Exercise details » The lines below, from the one holding "男士皮面飞羽软底轻量跑鞋974119110009" through the one holding "2023 Jeep Wrangler Rubicon 4xe", are to be restated word for word, with all images left out.

Excerpted data START

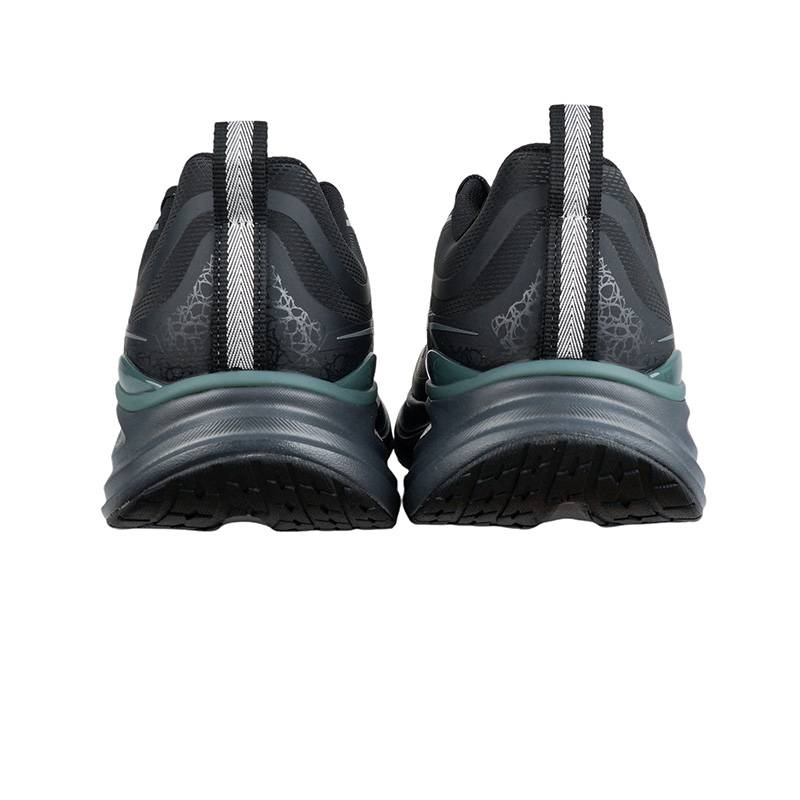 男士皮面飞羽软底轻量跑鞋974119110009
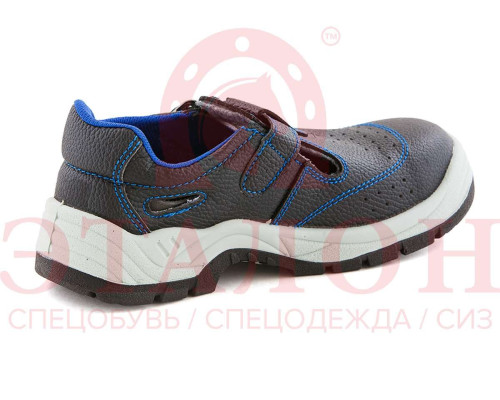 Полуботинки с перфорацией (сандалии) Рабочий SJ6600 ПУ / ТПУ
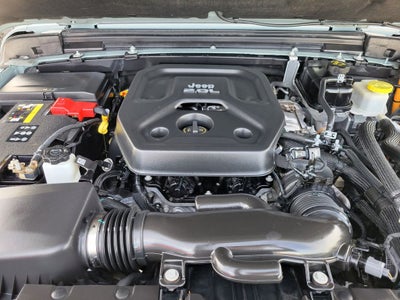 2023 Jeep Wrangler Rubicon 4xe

Excerpted data END
Excerpted data START

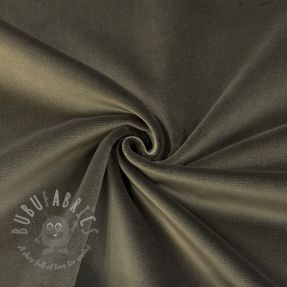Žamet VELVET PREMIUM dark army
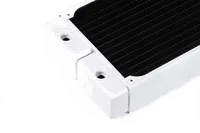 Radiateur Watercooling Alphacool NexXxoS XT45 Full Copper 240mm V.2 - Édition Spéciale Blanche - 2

Excerpted data END

Completed task »
 男士皮面飞羽软底轻量跑鞋974119110009
 Полуботинки с перфорацией (сандалии) Рабочий SJ6600 ПУ / ТПУ
 2023 Jeep Wrangler Rubicon 4xe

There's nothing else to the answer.